IMPORTERS, STORES PUSHING TO KEEP RULES OF ORIGIN
Byline: Jim Ostroff
WASHINGTON — The nation’s leading retailers and importers have intensified their push over the past week to defeat what they contend is a protectionist move to restrict apparel imports.
At issue is an amendment proposed for the legislation to implement the Uruguay Round of GATT. The amendment would change the U.S.’s rule of origin for apparel so that this will be determined by where a garment is assembled, not where the fabric first is cut.
As reported, the House Ways and Means Committee this month approved an amendment containing this rule change for its version of the GATT implementing legislation.
Today, Sen. John Breaux (D., La.) is expected to offer an identical measure when the Senate Finance Committee meets to consider amendments to its GATT bill, making the committee the battleground for friends and foes of the plan.
Once Finance completes its work, its members will meet with Ways and Means members, along with White House trade officials, to reconcile their prospective GATT bills. The proposed origin rule change would take effect Jan. 1, 1996.
Under fast-track rules for considering trade treaties, the White House then would submit the completed package to Congress for a final vote — probably in late August before the lawmakers recess.
With the fate of Breaux’s measure likely to determine whether the apparel origin rule becomes law, retailers and importers have been furiously lobbying senators, the White House and trade officials to kill the measure.
Under the National Retail Federation banner, executives from 10 leading retailers wrote to Daniel P. Moynihan (D., N.Y.), the Senate Finance Committee chairman, and Sam Gibbons (D., Fla.), acting chairman of the House Ways and Means Committee, urging them “to resist protectionist measures.”
The letter, dated July 20, warned that Breaux’s “radical proposal would cause a major market disruption and that it would have a dramatic negative impact on domestic retailers, forcing us to make widespread and costly changes to our current international sourcing practices.”

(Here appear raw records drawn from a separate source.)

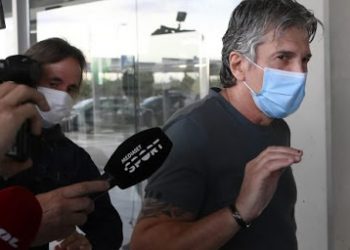 كواليس اجتماع برشلونة العاجل.. والد ميسي لم يكن لوحده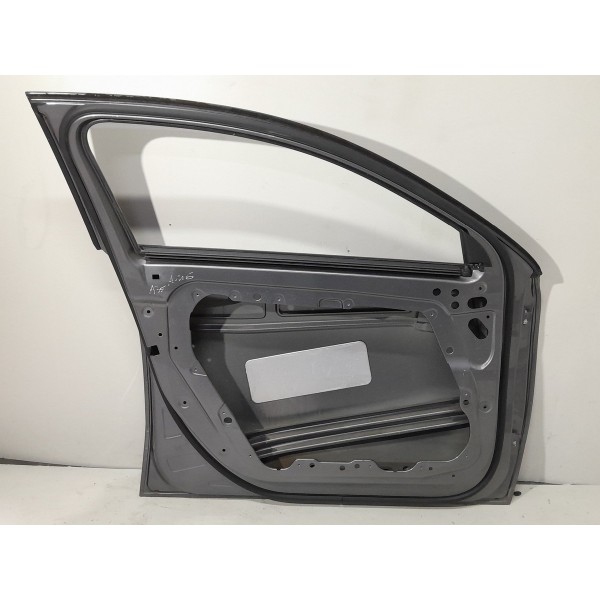 Porta Mercedes A35 Amg Dianteira Esquerda 2020/2025 Dianteira Esquerdo Cinza-escuro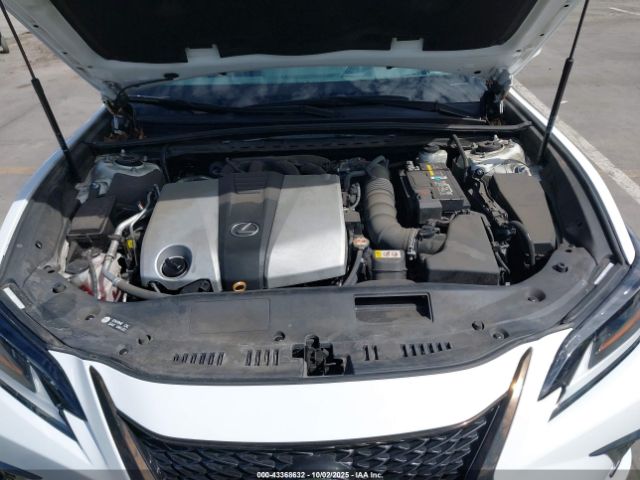 Lexus Es F Sport Image 3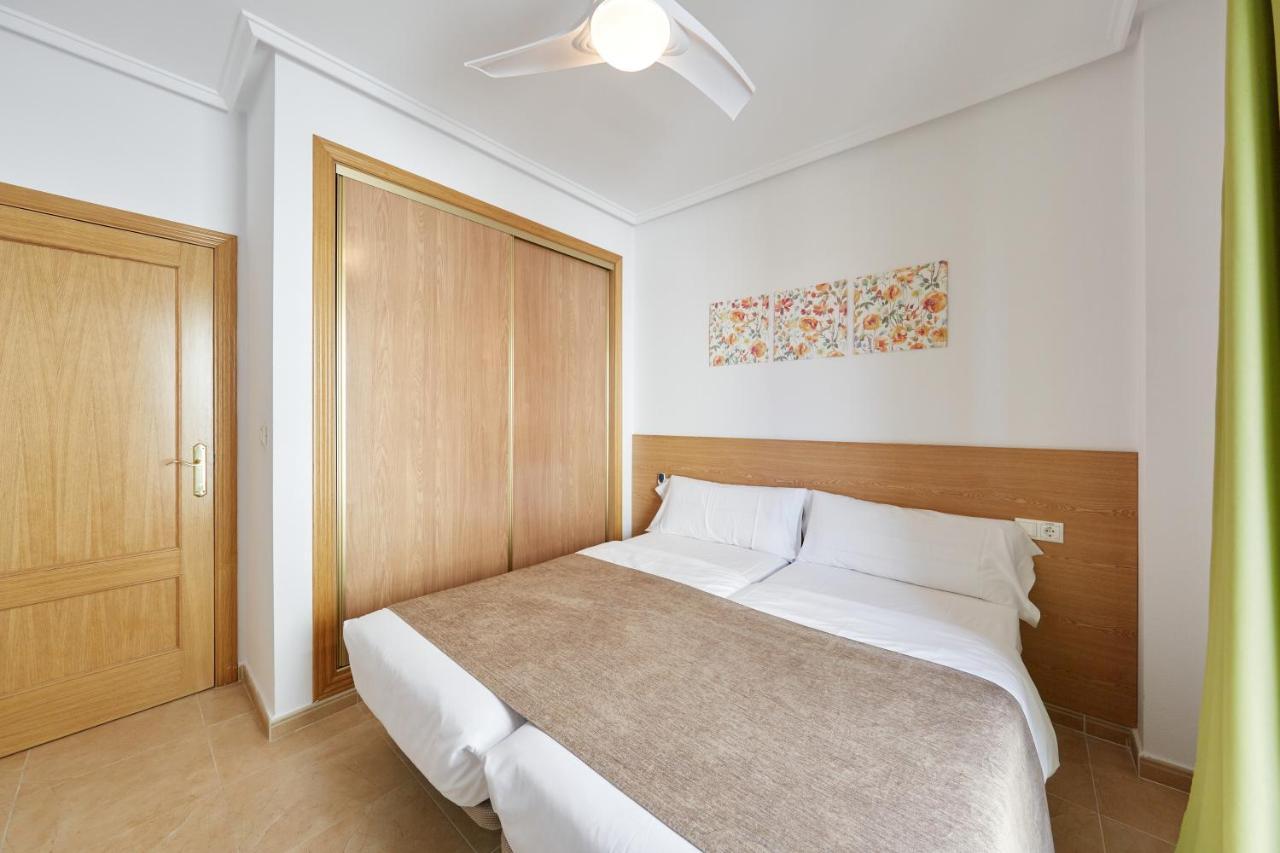 Apartamentos Wayteko Alicante Luaran gambar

The retailers added: “Existing practices for cutting, forming and assembly would need to be changed and new contracts and processes would have to be instituted to comply with the new requirements.” This, they said, would create hardships for “those who source any apparel in Israel, Hong Kong, Taiwan, or Korea.”
The letter was signed by top executives with Baums Inc., Federated Department Stores, J.C. Penney Co., Kmart Corp., Montgomery Ward & Co., Sears Merchandise Group, Spiegel Inc., The Gap,, The Limited, The May Department Stores Co. and the NRF.
In a July 20 letter to Breaux, Linda J. Wachner, chairman, president and chief executive officer of The Warnaco Group, averred the senator’s amendment would not discourage transshipping, would circumvent many of the U.S.’s 40 textile bilateral pacts and would be at odds with the GATT agreement, which “provides for a three-year work program to harmonize conflicting rule of origin regulations among member nations.”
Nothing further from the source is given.